What you should do
Only the lines from the one holding "Ray-Ban Women’s or" to the end of the data should be echoed, exactly as they appear, minus the pictures.
== Data extract
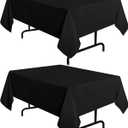 sancua 2 Pack Black Tablecloth 54 x 54 Inch, Stain and Wrinkle Resistant Square Table Cloth - Washable Polyester Table Cover for Dining Tables, Buffet Parties and Camping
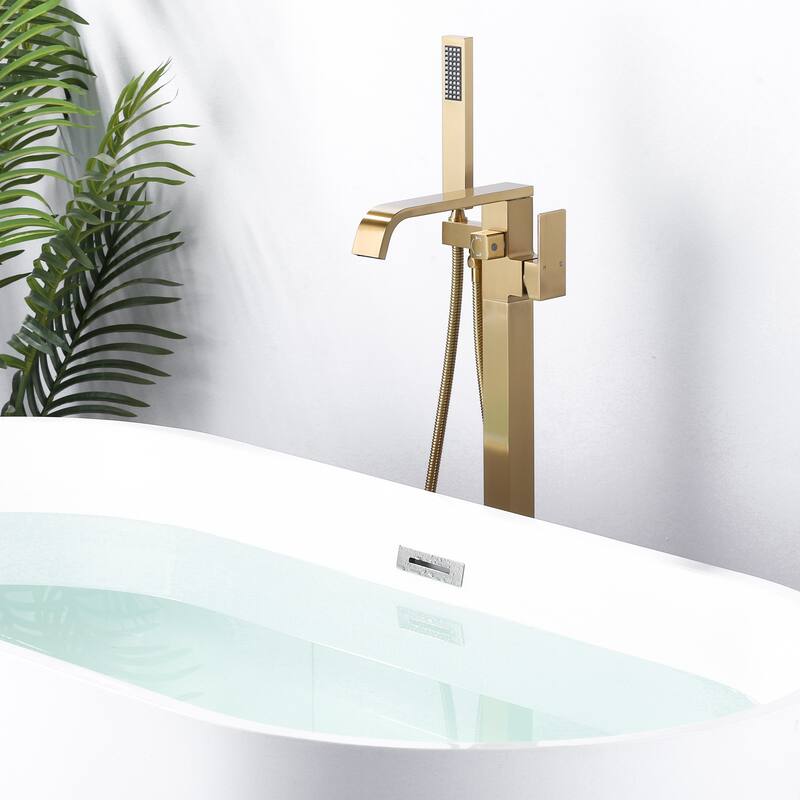 WOWOW Waterfall Single-Handle Freestanding Tub Faucet with Handshower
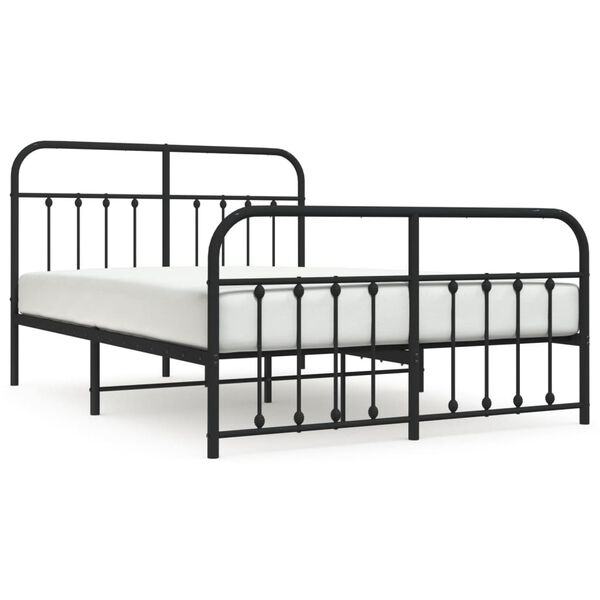 vidaXL Bed Frame Black Bed Frame Metal Bed Frame Double Bed Black Bed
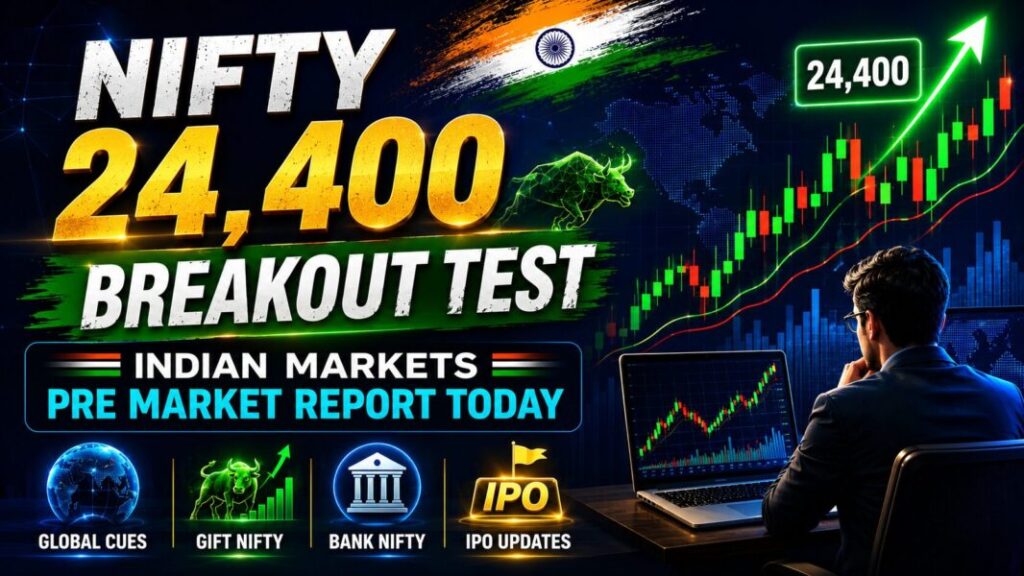 Indian Markets Pre Market Report Today July 6 2026 with Nifty 24400 breakout test GIFT Nifty Bank Nifty Sensex crude oil rupee IPO and SEBI updates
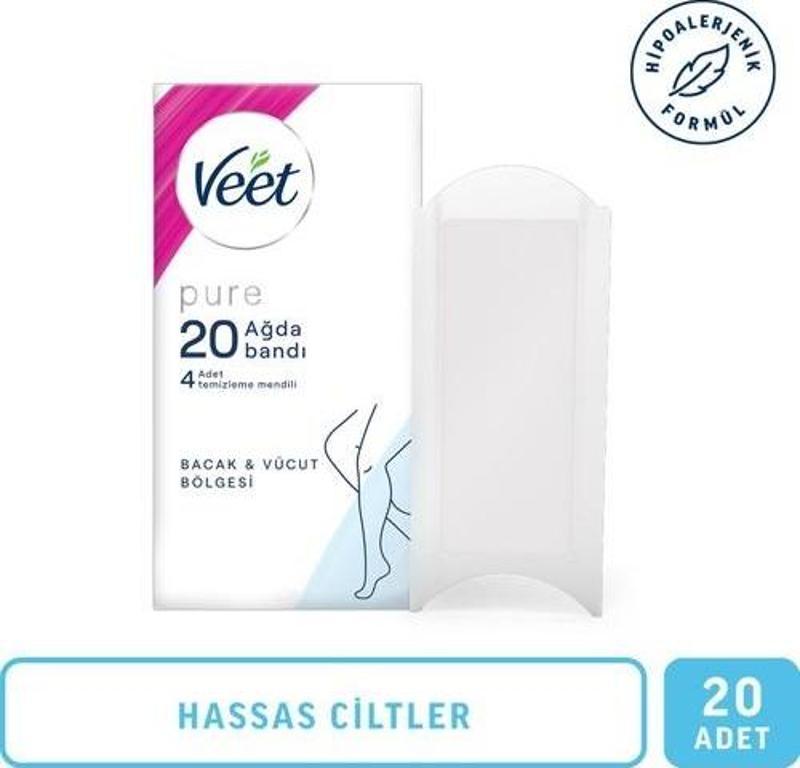 Pure Hipoalerjenik Sir Ağda Bandı Bacak & Vücut Bölgesi 20'Li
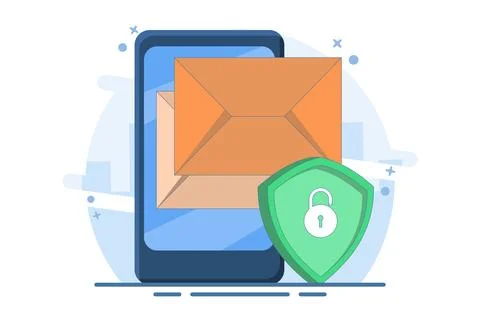 Email service security concept, Electronic email messages as part of business. Stock Illustration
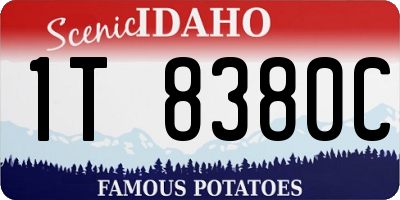 ID license plate 1T8380C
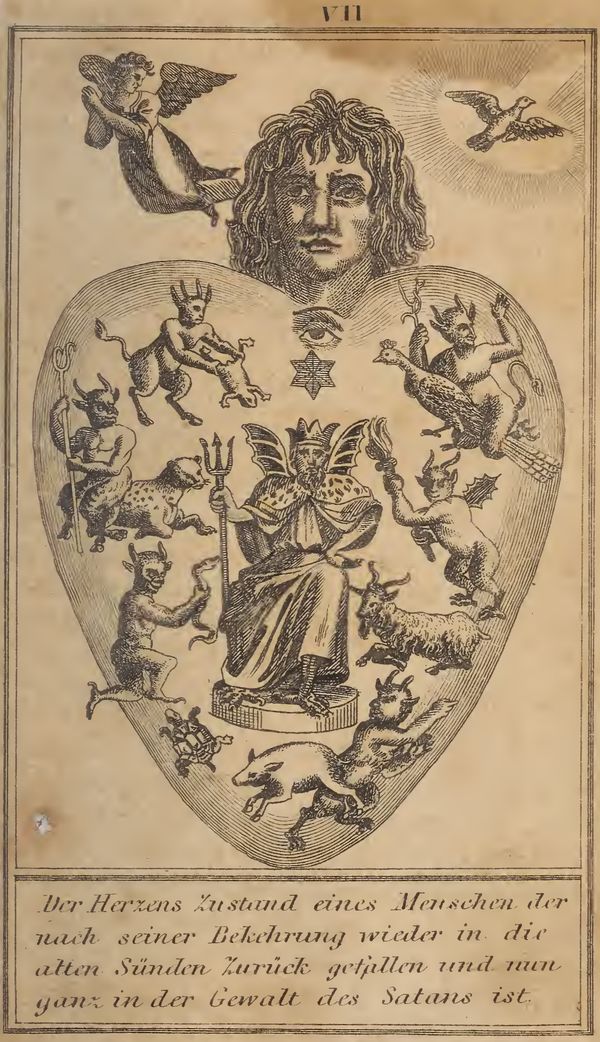 Engraving: a heart full of horned demons riding the animals of the first figure, with a crowned, winged figure holding a trident seated on a throne in the middle; an angel and a dove turn away above.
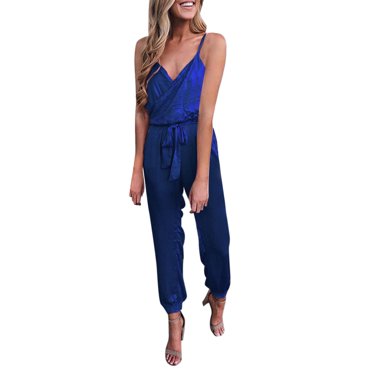 B91xZ Womens Jumpsuits Casual V Neck Baggy Rompers Sleeveless Loose Adjustable Spaghetti Strap Overalls Jumpers with Pockets,Blue M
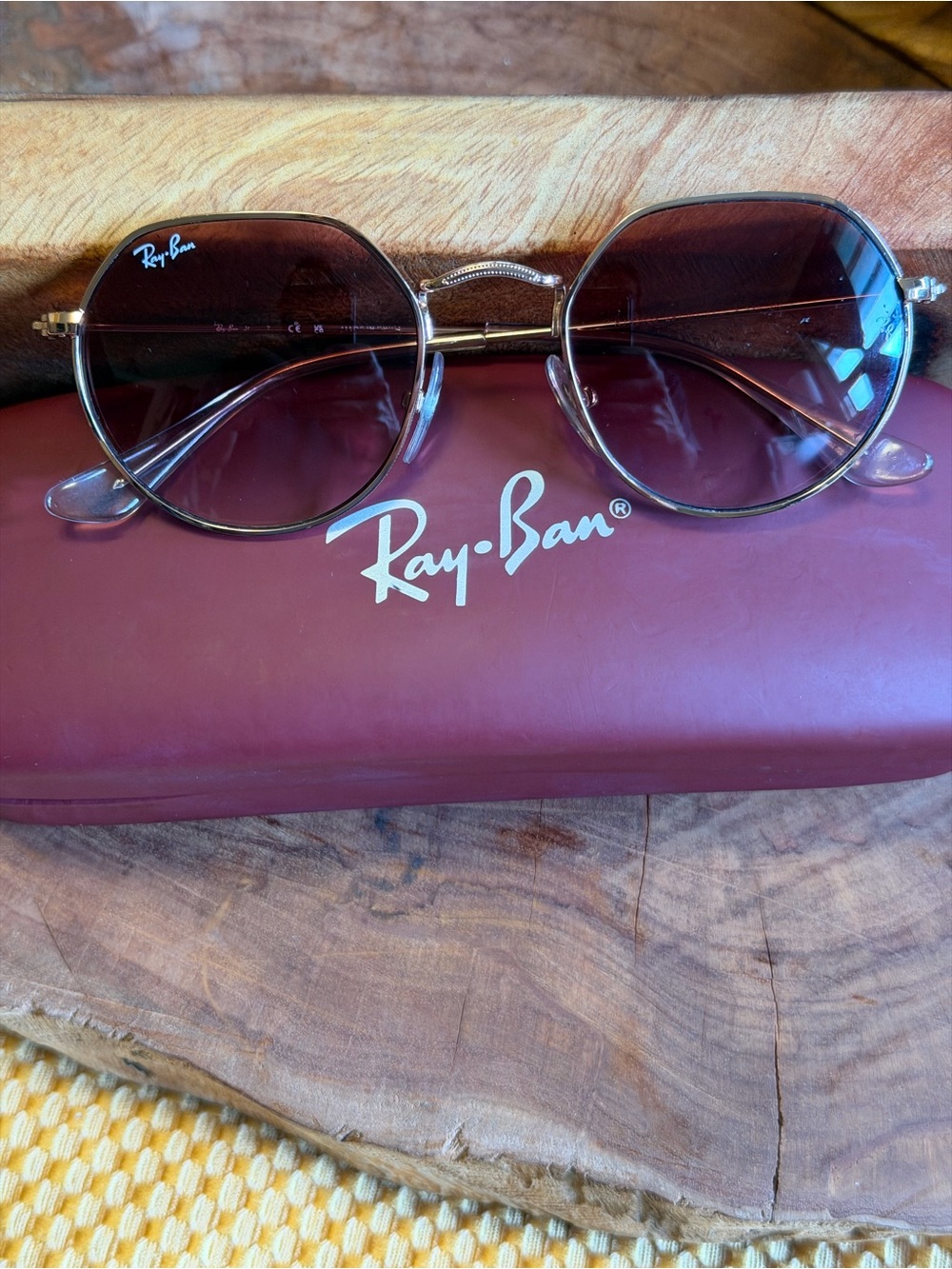 Ray-Ban Women’s or Juniors Rose Gold Frame Dark Violet Lens Sunglasses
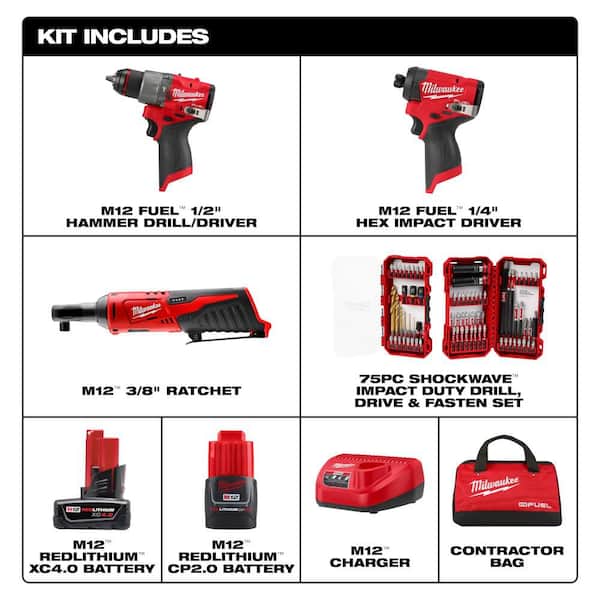 M12 FUEL 12V Hammer Drill/Impact 2-Tool Kit  Batteries, Bag with M12 3/8 in. Ratchet with 75-Pc  Bit Set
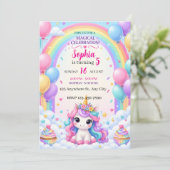ユニコーン レインボー 誕生日招待状 招待状 (スタンド正面)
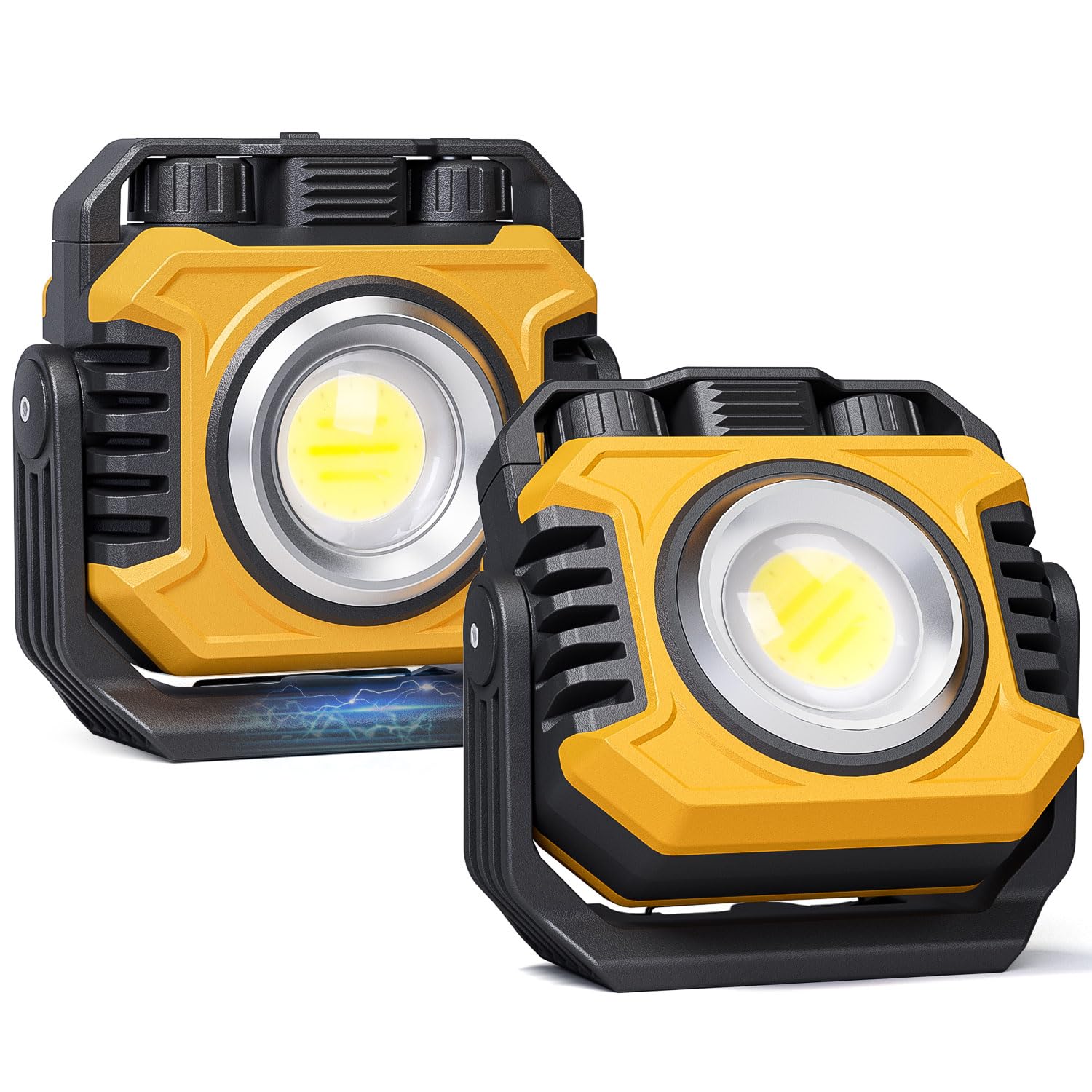 Samyoung 2 Pack Super Bright Rechargeable Work Light, 28 Hours Long Lasting Stepless 2700-8000K White Warm & Brightness Magnetic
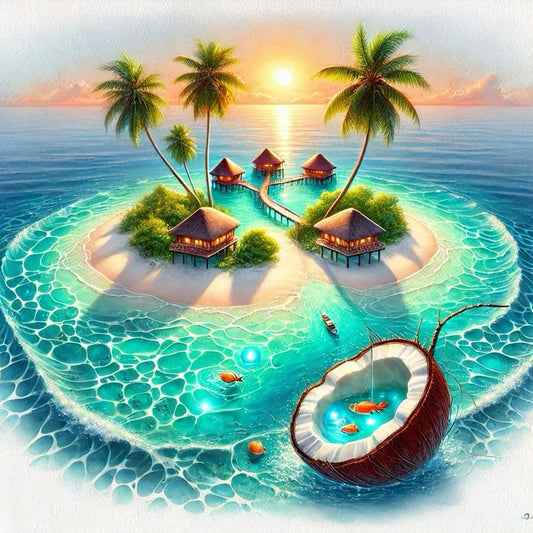 Island Scenery - Full Round Drill Diamond Painting 40*40CM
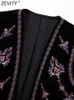 Kvinnors västar zevity kvinnor vintage paljetter blomma broderi kort sammet väst jacka damer ärmlös casure cardigan waistcoat toppar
====
Result of this exercise
 Ray-Ban Women’s or Juniors Rose Gold Frame Dark Violet Lens Sunglasses
 M12 FUEL 12V Hammer Drill/Impact 2-Tool Kit  Batteries, Bag with M12 3/8 in. Ratchet with 75-Pc  Bit Set
ユニコーン レインボー 誕生日招待状 招待状 (スタンド正面)
 Samyoung 2 Pack Super Bright Rechargeable Work Light, 28 Hours Long Lasting Stepless 2700-8000K White Warm & Brightness Magnetic
 Island Scenery - Full Round Drill Diamond Painting 40*40CM
 Kvinnors västar zevity kvinnor vintage paljetter blomma broderi kort sammet väst jacka damer ärmlös casure cardigan waistcoat toppar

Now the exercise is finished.